E a proposito di Coppa d’Inghilterra, Shankly la conquista con il Preston nel 1938, e oggi al Deepdale, lo stadio del club, i seggiolini di una delle due tribune compongono un disegno stilizzato del suo volto, impresso a memoria del grande contributo che lo scozzese diede alla causa. Ma il libro più bello di Bill, è quello che scrive in panchina. Carlisle, Grimsby Town e poi il Workington. Shankly è diverso da tutti gli altri: non è solo colui che indossa la tuta e va in campo ad allenare, ma un tuttofare. Risponde alle lettere dei tifosi, gestisce anche la contabilità del club. Quando passa all’Huddersfield, vedendo che un suo giocatore non era in grado, lo invita nel suo ufficio il giorno dopo. “Non posso metterti in prima squadra, ma passa da me domani, ti troverò un lavoro”. Socialismo e pallone, il rispetto per il pubblico, l’unità tra esso, la squadra e il club, verso un obiettivo comune. La considerazione per i più deboli, l’umanità senza fine di un personaggio meraviglioso e unico.

Nel 1959, a dicembre, lo chiama il Liverpool e nulla sarà più come prima. Scordatevi il Liverpool odierno: Melwood, il centro sportivo, è mal curato e ha l’erba alta, la squadra dopo il titolo del 1947 è finita in seconda divisione e appena arrivato cambia quasi tutti i giocatori azzerando il club.
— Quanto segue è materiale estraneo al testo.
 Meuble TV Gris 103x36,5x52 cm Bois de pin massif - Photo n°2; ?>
Un carisma infinito, un carattere straordinario, soprattutto coi suoi dirigenti. Se mancavano i soldi per acquistare un giocatore, lui rispondeva: “Non è che vi mancano i soldi, a voi manca l’ambizione”. E’ l’inizio di una storia d’amore che ancora oggi resta indissolubile nella storia del Liverpool: riporta il club in prima divisione, gli fa vincere il titolo inglese dopo tanti anni di digiuno nel 1963, e nel 1965 conquista anche la FA Cup stavolta dalla panchina, quando il Liverpool batte il Leeds 2-1 a Wembley. Durante un giro di campo per festeggiare la conquista della First Division del 1973, un tifoso lancia una sciarpa. Il poliziotto la scosta col piede e un microfono capta la risposta di Shankly: “Non farlo: per te è solo una sciarpa, ma per un tifoso è la vita”
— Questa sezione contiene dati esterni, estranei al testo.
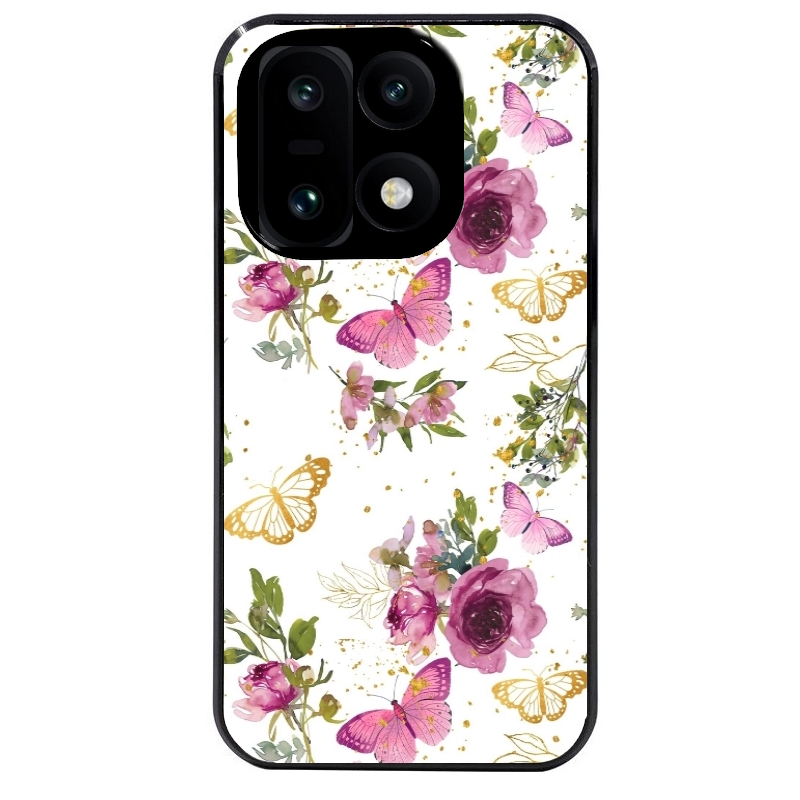 Coque noire taperso pour OnePlus 15 avec motif fleur et papillon protection antichoc personnalisée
Nel 1973 arriverà anche l’alloro europeo, la Coppa Uefa, seppur la Coppa dei Campioni sarà appannaggio dei suoi successori. Ma non sono tanto i trofei, ripetiamo, a raccontare il personaggio. Ad Anfield, la stanza degli scarpini diventa la “boot room”, una saletta riconvertita a luogo nel quale si stappa una bottiglia e si prendono decisioni da parte di tutto lo staff. I membri sono in pratica quarant’anni di Liverpool: Shankly, Paisley, Fagan e anche Ronnie Moran, uno che al Liverpool resterà per 49 anni in tutte le vesti, compresa quella del fisioterapista. Quando un giocatore si lamentava del proprio infortunio alla gamba, Shankly non gliele mandava a dire: “Non è la tua gamba, è la gamba del Liverpool FC!”, e voleva che il club desse gioia ai tifosi, che faticavano tutta la settimana e nel week-end volevano divertirsi in leggerezza. Un giorno, un tifoso del Liverpool Branch di Londra, Christopher Wood, si reca a casa Shankly per farsi autografare la sua biografia. Il nostro lo accoglie in casa, offrendogli del tè e firmando il libro. 
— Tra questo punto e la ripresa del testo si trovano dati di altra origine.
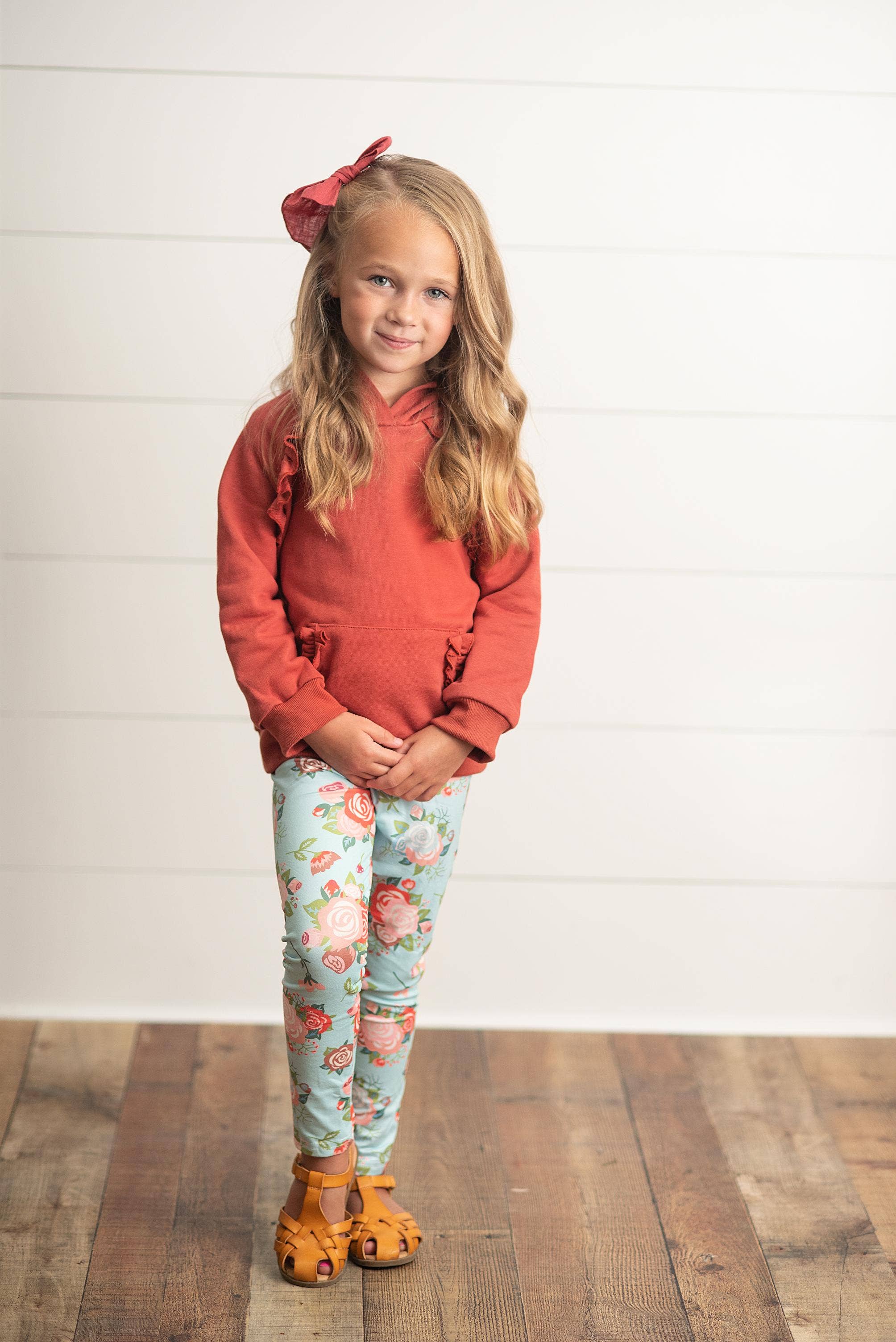 Kids Rust Pocket Ruffle Hoodie Shirt & Leggings Fall Set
Già, perché nel frattempo, anno 1974, Shankly improvvisamente lascia il club. Vince la Charity Shield contro il Leeds, ultimo suo trofeo, e di tanto in tanto si affaccia ancora dalle parti di Melwood cercando di non disturbare, ma con un fondo consistente di amarezza per il fatto di essere comunque stato tenuto ai margini una volta lasciato. Nel settembre del 1981, pochi mesi dopo la conquista della terza Coppa dei Campioni del Liverpool, un infarto se lo porta via, e a lui verrà dedicato l’anno seguente, alla presenza della moglie, un cancello, lo “Shankly Gate”. O meglio, “il” cancello, quello sormontato dal motto per eccellenza del club, “YOU’LL NEVER WALK ALONE”, che vediamo in molte immagini e riprese dello stadio e della storia del Liverpool. Il Liverpool come lo conosciamo oggi, con la sua dimensione internazionale e la sua caratura, lo dobbiamo a Bill Shankly. Che un giorno, uno di quelli dove la nostalgia per il suo passato era di nuovo dietro l’angolo, si reca ad Anfield per toccarne i muri e sentirne ancora l’odore. Incrocia un bambino che gli parla del padre, grande tifoso dei reds, che vorrebbe una spilla del suo idolo. Shankly si toglie la sua dalla giacca e la porge al ragazzino. “Per ringraziare tuo padre di tutto ciò che ha dato a noi”. C’è un e uno solo Bill Shankly.